Alexa and Google Home are no threat to regional accents – here's why
"Hey, Google. Can you understand my accent?"
"Of course. You have an incredibly pleasing dialect."
So began my Saturday morning discussion with my Google Home Mini. And while I was happy to receive a compliment about my speech, that wasn't my motivation for asking the question. Our human-to-robot chat was triggered by recent news reports claiming that voice assistants are likely to "stamp out", "kill off" and make us "lose" our regional accents, described by some as "under threat".
Another apocalyptic story about language and another call for linguists to do some myth-busting, then.
These scaremongering headlines relate to the findings of a recent survey by the Life Science Centre in Newcastle upon Tyne, which claims that 79% of visitors to its Robots – Then and Now exhibition reported altering the way they speak in order to be understood by voice assistants, such as Alexa (Amazon), Google Assistant, Siri (Apple) and Cortana (Microsoft). Crucially, these visitors also reported having regional British accents, and their perceived need to accent-shift highlights two issues.
One issue is practical. People with non-standard accents are more likely to encounter difficulties communicating when interacting with their smart speakers. The other issue is social. Speech technology appears to privilege standard accents, such as southern standard British English (also known as received pronunciation). But what's important to note is that our virtual assistants are not inherently biased. They're simply replicating the human biases on which they are modelled.
"Hey, Google. Do you like the way I speak?"
"Sorry, I can't judge. But I can play you some music."
Language-based discrimination is all around us and, when we ask our devices to play our favourite song and end up with something different or with a "Sorry, I don't understand", it can leave us wondering why our voices aren't being heard and why these machines seem to be working against those of us with regional accents.
The internet abounds with clips and complaints. Scottish accents are particularly tricky for voice recognition technology, as shown by research and popularised by the comedy sketch show, Burnistoun. But we have to bear in mind that recognising the wide variety of English accents that exist is no small feat (consider the various accents spoken within your region, then consider the plethora of accents spoken in English-speaking countries worldwide and by second-language speakers of English).
Research suggests that we humans are generally good at recognising where people are from based on their accents but can sometimes struggle, usually owing to a lack of previous exposure. So it makes sense that our virtual assistants also need to gain familiarity with regional accents through linguistic input in order to recognise – or even use – accents when interacting with us.
"Hey, Google. Will smart speakers stamp out regional accents?"
"Sorry, I don't understand."
Okay, I probably pushed my Google Assistant a bit too far with this question but I was intrigued to see if it would foretell some sort of linguistic doomsday prophecy. And I was prepared to counter the end-times pessimism with the reassuring message that voice assistants won't lead to the loss of regional accents. Here are just a few reasons why.

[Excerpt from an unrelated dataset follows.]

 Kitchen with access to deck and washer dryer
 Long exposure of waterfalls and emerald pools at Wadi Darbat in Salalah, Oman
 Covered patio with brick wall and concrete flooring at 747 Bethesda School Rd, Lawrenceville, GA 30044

Human-to-robot interactions are much less frequent than human-to-human interactions. The majority of our everyday talk is designed for other humans. Changing our speech a few times a day to interact with smart speakers won't influence our accents more generally.
Our "smart-speaker accents" resemble accents that we already use on a regular basis. We tend not to change our accents drastically when talking to smart speakers. We might raise our volume, speak more slowly and enunciate more. We might pronounce things differently but only slightly. And we adapt our speech in similar ways in many other contexts: making phone calls, doing job interviews, speaking to people from other cities and countries.

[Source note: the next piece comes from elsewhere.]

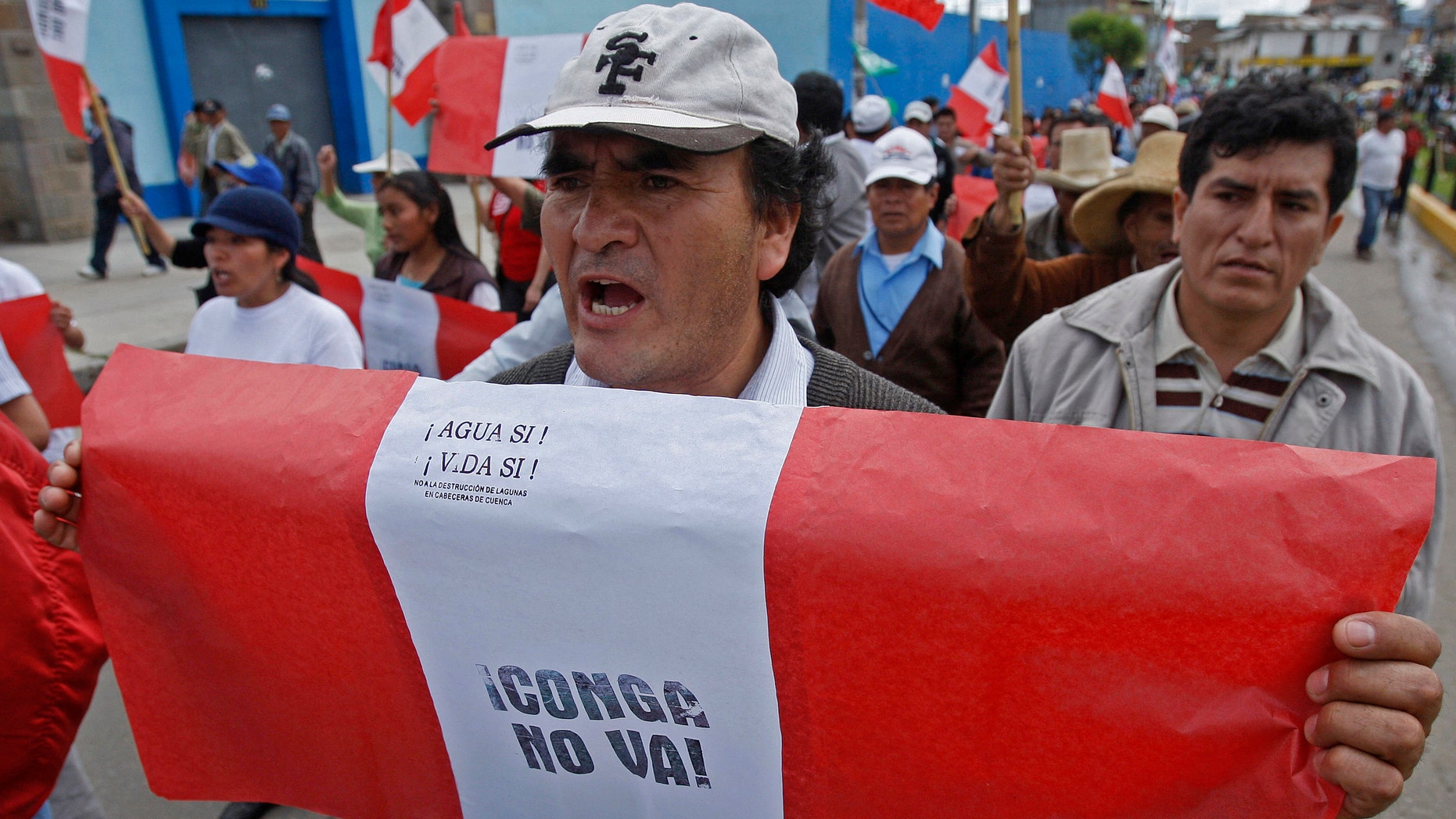 A demonstrator shouts slogans while marching in a protest against the Conga gold and silver mining project, in Cajamarca, Peru, Monday Jan. 2, 2012. Although the government says the project will generate thousands of jobs, protesters worry that the $4.8 billion Conga gold mine could taint and diminish their water supply. (AP Photo/Karel Navarro)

Accents, and the language we use more generally, are fundamental to who we are. We create and enact our identities through language and other social practices. Through our speech, we might emphasise our professionalism in some settings, and our street cred in others. Our accents are often a source of regional pride and linked with a sense of ingroup loyalty and belonging. We're not robots using an input-output model of language. We speak in certain ways because it's meaningful to do so.
So, fear not, the end of rich and varied British accents is not nigh. If anything, voice-activated artificial intelligence makes regional speech an increasingly important feature of everyday interactions. Instead of seeing voice assistants as a threat to regional accents, we might be better to embrace the challenge of teaching them our lingo.
"Hey, Google. Do you prefer to speak with a particular accent?"
"I'm afraid you'll have to put up with this one for now."
If we look at their ability to produce language, smart speakers have undoubtedly come a long way. My Google Assistant, for example, now speaks German, French, Japanese, Italian and Spanish, plus some language varieties within each category. It can respond to me with an Australian, Canadian, British, American, Indian, Singaporean or Irish accent of English (albeit mainly standard varieties at this stage, and often with glitches). In this sense, they are more representative and inclusive than ever before but, of course, there is still a way to go.